Assigned task: In the copy, every line of the material that follows must appear exactly, and no pictures should.

═════ Given data

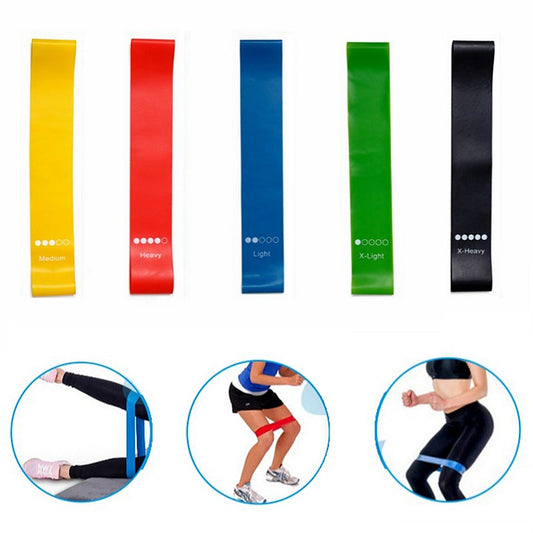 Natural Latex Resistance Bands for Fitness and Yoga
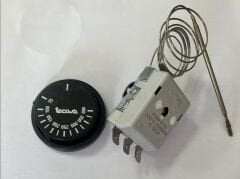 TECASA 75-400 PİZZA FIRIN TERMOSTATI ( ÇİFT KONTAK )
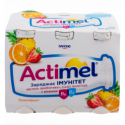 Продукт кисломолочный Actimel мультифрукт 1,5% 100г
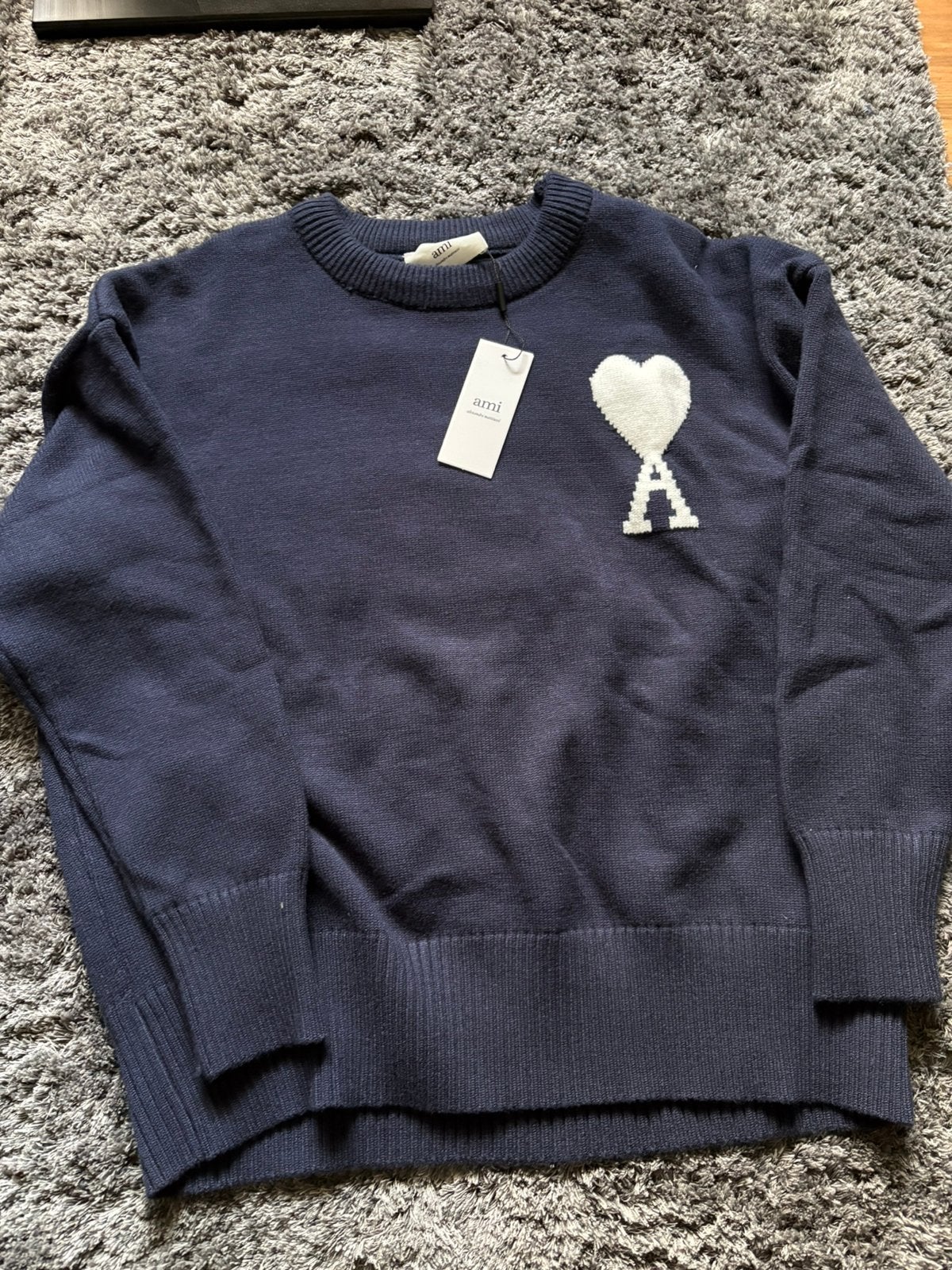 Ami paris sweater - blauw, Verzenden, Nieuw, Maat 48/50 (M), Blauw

══════════

Response to the exercise:
 Natural Latex Resistance Bands for Fitness and Yoga
 TECASA 75-400 PİZZA FIRIN TERMOSTATI ( ÇİFT KONTAK )
 Продукт кисломолочный Actimel мультифрукт 1,5% 100г
 Ami paris sweater - blauw, Verzenden, Nieuw, Maat 48/50 (M), Blauw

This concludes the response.